If a loss function supports or expects extra keyword arguments in its __init__ method, you can pass those keyword arguments by loss_extra_kwargs argument of the retriever like trove.BiEncoderRetriever.from_model_args(args=args, loss_extra_kwargs={...})

Attention

When using Trove’s builtin InfoNCE loss (InfoNCELoss), you must use an instance of BinaryDataset for training. InfoNCELoss ignores the given labels. Instead, it assumes the positive is the very first item in the list of passages for each query.

Custom Loss Functions

You can easily implement and register a new loss function with Trove. You just need to create a subclass of RetrievalLoss that implements your loss function.

Let’s go through an example that implements the KL divergence loss. Note that KL loss is already implemented in Trove and you can use it by setting model_args.loss="kl".

First, we inherit from RetrievalLoss and parse the arguments.

class MyCustomKLLoss(RetrievalLoss):
    _alias = "custom_kl"

    def __init__(self, args: ModelArguments, **kwargs) -> None:
        super().__init__()
        self.temperature = args.temperature

Next, we implement the forward method that calculates the loss value.

def forward(self, logits: torch.Tensor, label: torch.Tensor, **kwargs) -> torch.Tensor:
    if label.size(1) != logits.size(1):
        label = torch.block_diag(*torch.chunk(label, label.shape[0]))

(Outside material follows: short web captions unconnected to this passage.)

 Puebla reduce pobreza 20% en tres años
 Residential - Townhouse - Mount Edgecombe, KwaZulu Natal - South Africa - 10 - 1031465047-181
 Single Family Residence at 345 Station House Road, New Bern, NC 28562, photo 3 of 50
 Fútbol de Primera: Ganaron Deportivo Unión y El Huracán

    preds = F.log_softmax(logits / self.temperature, dim=1)
    targets = F.log_softmax(label.double(), dim=1)
    loss = F.kl_div(
        input=preds, target=targets, log_target=True, reduction="batchmean"
    )
    return loss

logits are similarity scores between all queries and all documents. In a distributed environment with multiple processes, logits includes the similarity scores even for in-batch negatives. But, label only has enteries for labeled documents, and not for in-batch negatives (e.g., only for positives and mined hard negatives). So, shape of label and logits diverges. To make label and logits sizes match, we assign label zero (0) to all in-batch negatives and expand label matrix by:

label = torch.block_diag(*torch.chunk(label, label.shape[0]))

To use the new loss function, we just need to specify its name in model arguments:

model_args = ModelArguments(loss="custom_kl", ...)
# or
model_args = ModelArguments(loss="MyCustomKLLoss", ...)

Retrieval Logic

As you have seen so far, the retriever class is the main model class used in training and evaluation scripts. Trove implements the bi-encoder retrieval logic (BiEncoderRetriever), which encodes the query and document separately and then calculates their similarity based on some metric like dot product.

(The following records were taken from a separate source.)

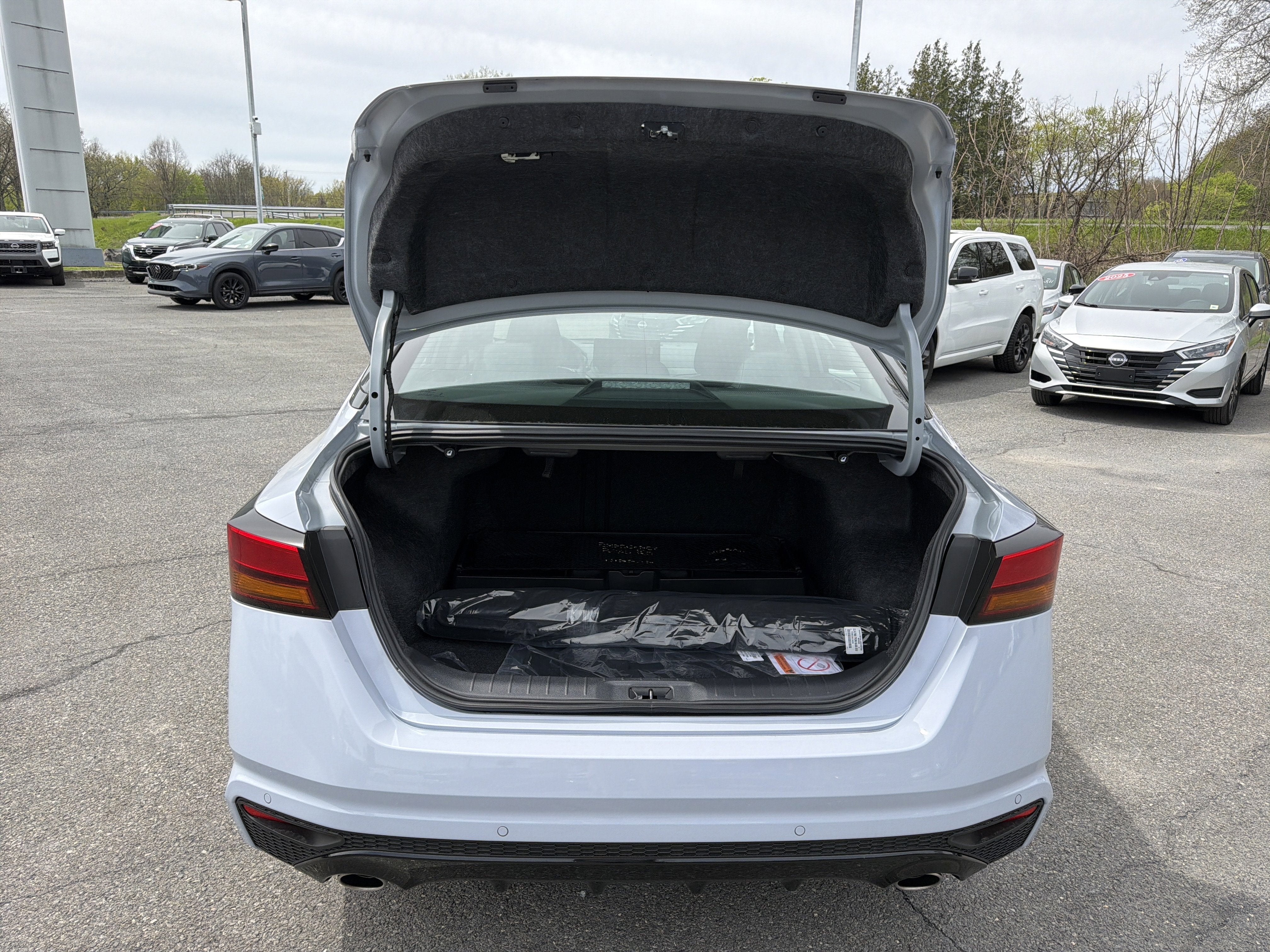 2026 Nissan Altima SR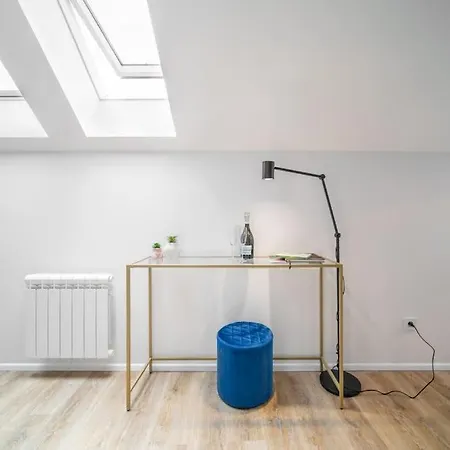 Apartamento Family Flat With Foosball & Netflix In Old Town Praga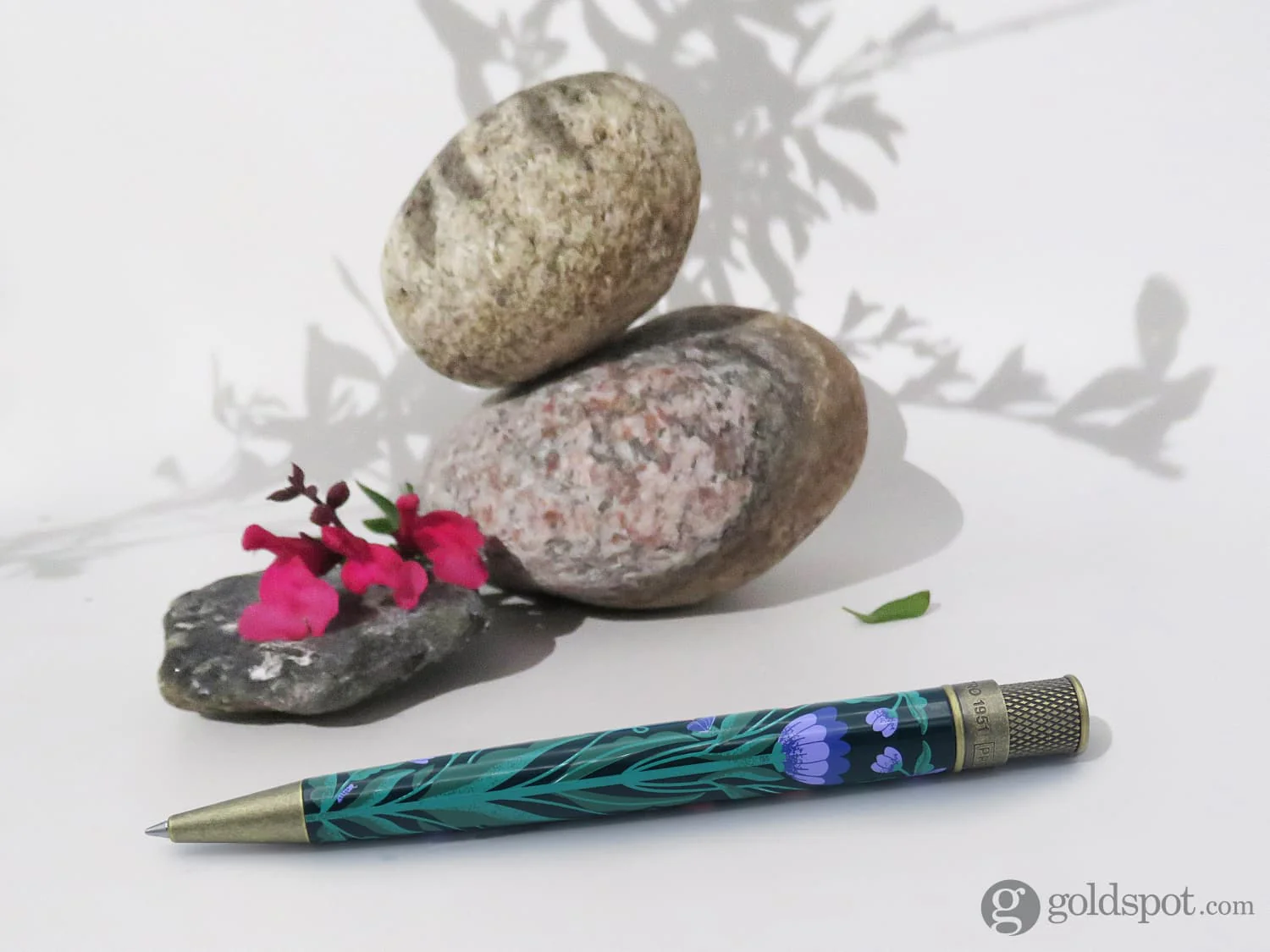 7313-retro-51-tornado-popper-rollerball-in-growth-limited-edition-3.webp Retro 51 Tornado Popper Rollerball in Growth - Limited Edition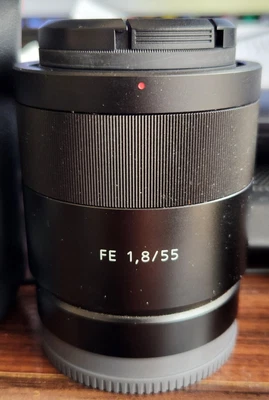 $599 • Buy Sony Sonnar T FE 55mm F1.8 Standard Prime Lens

Here is an example that shows how to use the retriever class. See PretrainedRetriever and BiEncoderRetriever documentation for more details.

model = trove.BiEncoderRetriever.from_model_args(...)
# embed queries
query_embs = model.encode_query(query_tokens)
# embed passages
passage_embs = model.encode_passage(passage_tokens)
# full forward pass
output = model(query=query_tokens, passage=passage_tokens, label=labels) # label is optional
print(output.query.shape) # query embeddings
print(output.passage.shape) # passage embeddings
print(output.logits.shape) # query-passage similarity scores
# if lables are given and retriever is instantiated with a loss module
print(output.loss)

Custom Retrieval Logic

To implement a new retrieval logic, you need to create a subclass of PretrainedRetriever and implement the forward() method. See PretrainedRetriever documentation for signature of the forward() method. You can follow BiEncoderRetriever code as an example.